Cork South Central FF1 FG2 Lab 2
It is difficult to see any other outcome other than that predicted. Lynch(Lab) is extremely prominent. If Labour does not organise an even split of votes between two candidates on first count, the second seat could escape. Prediction Agreed.
Cork South West 1 1 1
If Michael McCarthy doesn’t win back Michael Pat Murphy’s seat for Labour this time, he will never make it! Prediction Agreed
Donegal North East FF1 FG1 SF1
Donegal South West FF1 FG1 SF1
When Neil Blaney(Junior) was independent FF, Fianna Fail had effectively five of the 6 seats in Co Donegal and won 4 in last election.

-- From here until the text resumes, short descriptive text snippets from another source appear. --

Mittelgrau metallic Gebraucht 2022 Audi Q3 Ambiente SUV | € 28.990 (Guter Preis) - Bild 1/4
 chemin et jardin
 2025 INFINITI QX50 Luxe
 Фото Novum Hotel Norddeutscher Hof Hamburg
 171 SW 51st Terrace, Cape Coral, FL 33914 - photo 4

Sinn Fein should get a seat in each constituency next time. FF reduced to 2 seats in Co Donegal-there really is something happening out there!! Prediction Agreed.
You are away off in Nt.Kerry-Wst. Limerick. Ferris has lost 1,000 votes to St.Kerry and there is nothing coming from Wst. Limerick. His core vote from GE 2007is slightly under 7,000 Votes(16.66% of a Quota)Given 8% over Munster in the MRBI Poll, 10 of the 13 Constituencies SF would be on 4%, giving 21% in the 3 others at best and in my estimates some of the 10 would be greater than 4%. Therefore Ferris is unlikely to achieve 21% on first count and also his present vote is already 80% belonging to FF. The only constituency that Labour will win 2 Seats in Munster is Cork Nt Central with FG 1, FF 1. No SF seat
As I state, the nature of the exercise is such that constituency boundary changes cannot be adequately accounted for. But just to answer this question, I will asses the impact in relation to Kerry North.

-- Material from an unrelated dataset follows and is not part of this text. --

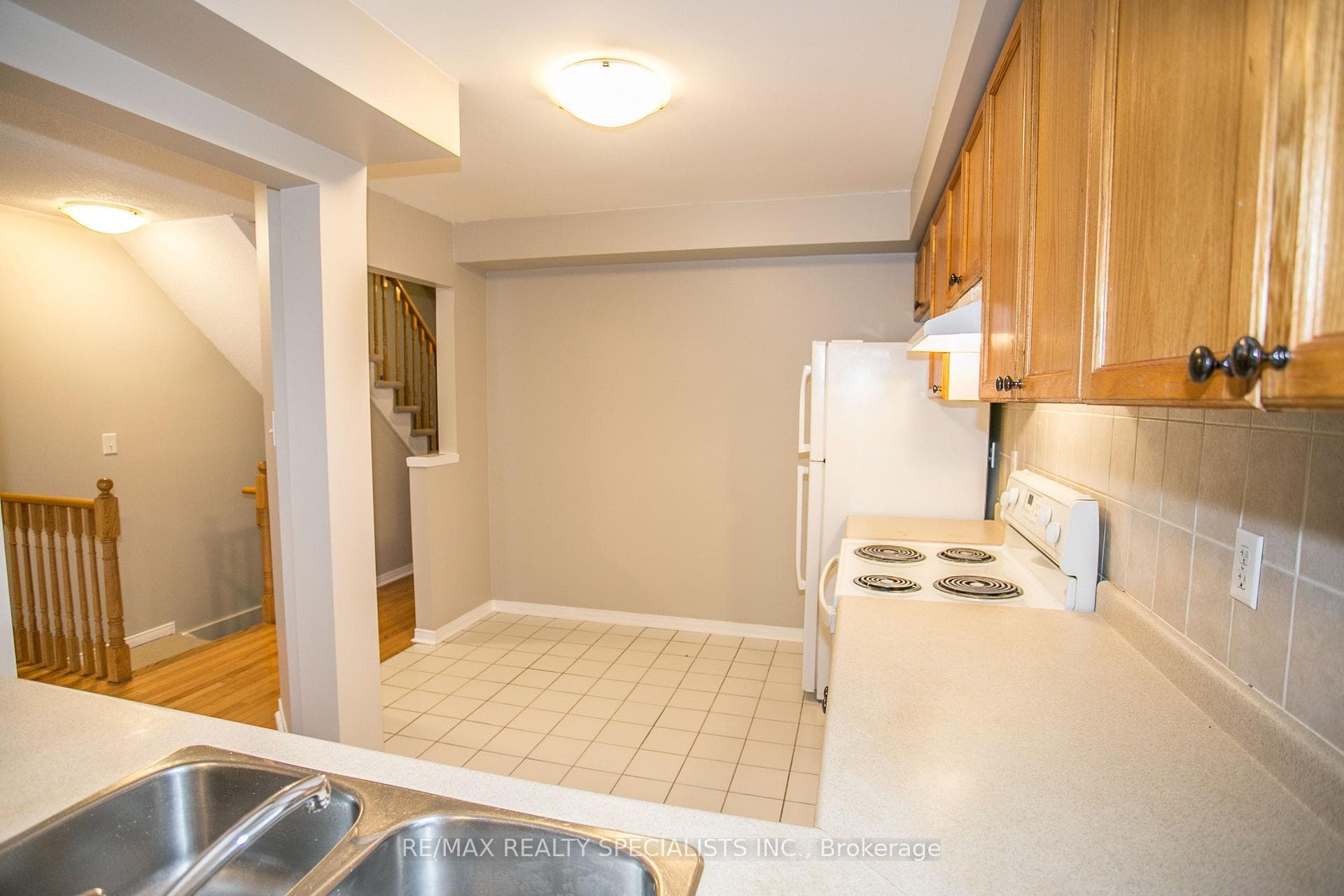 98 Joymar Drive photo 10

Instead of me being “away off” in my estimations, it is actually your figures that are not matching up with the real situation. Based on the tally figures published in “The Kerryman” in the week after GE2007, the actual amount of votes that lost by Ferris due to the boundary changes is not 1,000, but actually just 573. No doubt related to their candidate selection for the 2007 election, it is actually Fianna Fail who would be losing the most votes – they would be down 1,149 votes due to the loss of territory to Kerry South, while Fine Gael would be down 881 votes and Labour down 205 votes. Overall, the share of the vote held by Labour and Sinn Fein would actually be slightly higher (0.3% higher) relative to Fianna Fail (down by 0.7%) in the “reduced” Kerry North component of the new Kerry North-West Limerick constituency; in the area being lost to Kerry South FF would have taken 39.5% of the vote, with FG at 30.3%, LB at 7.0% SF at 19.7%, GRN 2.0% and OTHERS at 1.4% (as against constituency results: FF 31.3%, FG 32.3%, LB 10.9%, SF 20.4%, OTH 3.2%).
Repeating the analysis based on the amended Kerry North constituency area would leave FF standing at 11.6%, FG at 26.0%, LB at 24.3%, GP at 1.2%, SF at 33.2% and OTH at 3.8%.

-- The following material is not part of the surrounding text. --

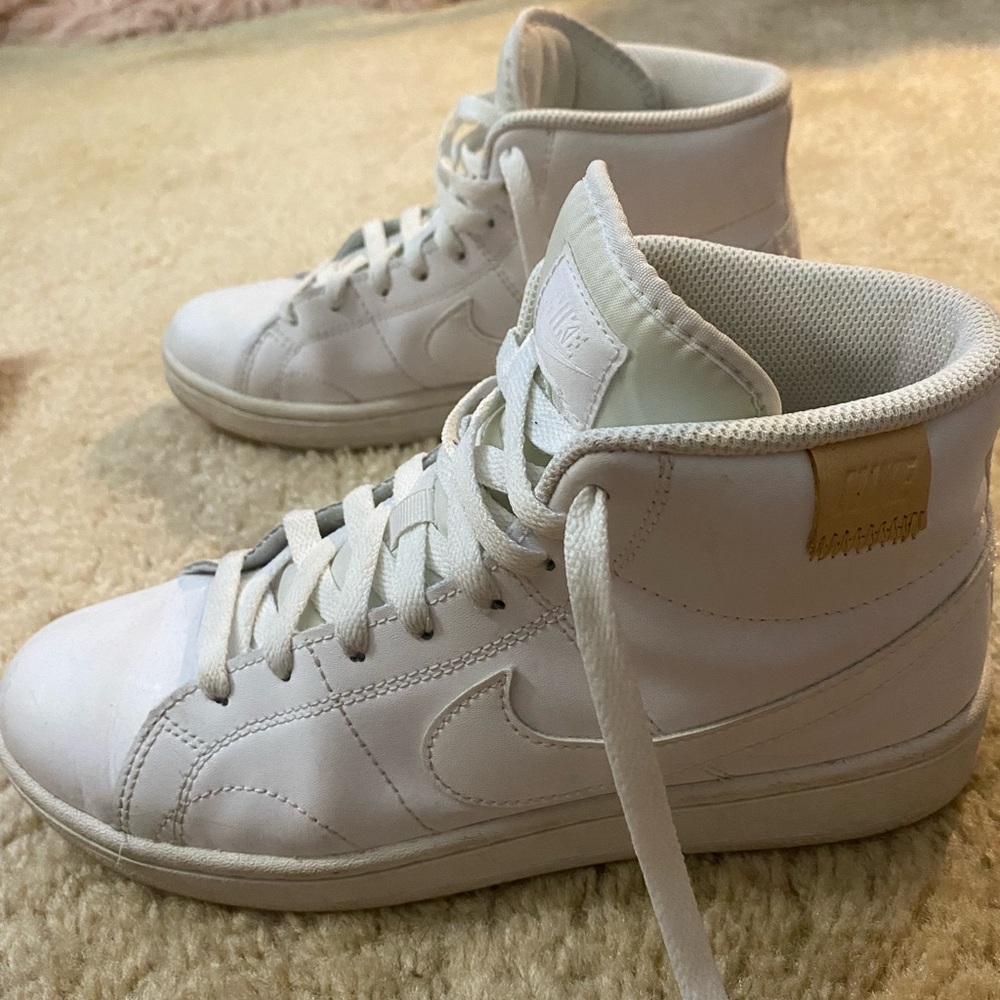 Nike Court Royale 2, women’s size 8.5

The impact of the adddition of the West Limerick EDs is of course the main imponderable here. Again tally figures can be used here – using tally figures published in the “Limerick Leader” after the 2007 election, we can see that FF won 4,274 votes in the areas now being moved into the new Kerry North-Limerick West constituency, FG won 2,988 votes LAB won 196 votes, GP won 157 votes and OTH (PDs) won 110 votes (Sinn Fein did not contest Limerick West, so their potential level of support there cannot be estimated). Adding these to the fugures for the reduced Kerry North constituency, we get FF standing at 34.9% for the new Kerry North-West Limerick constituency area, FG at 33.6%, LB at 9.7%, GP at 1.9%, SF at 16.9% and OTH at 3.0%. Now replaying the above analysis based on these figures, we get estimates of party support as follows (with estimated first preference figures being based on the 2007 valid poll) –
Fianna Fail: 6,283 (14.2%)
Fine Gael 12,782 (28.8%)
Labour 10,014 (22.6%)
Green Party 557 (1.3%)
Sinn Fein 13,059 (29.5%)
Others 1,630 (3.7%)
In this scenario, Toireasa Ferris and Jimmy Deenihan would be comfortably elected on Count 1, with Arthur Spring being elected on Count 3 with transfers from the Ferris and Deenihan surpluses. Fianna Fail – especially given the assumption that their support would be divided between two candidates – would be well off the pace in this simulation.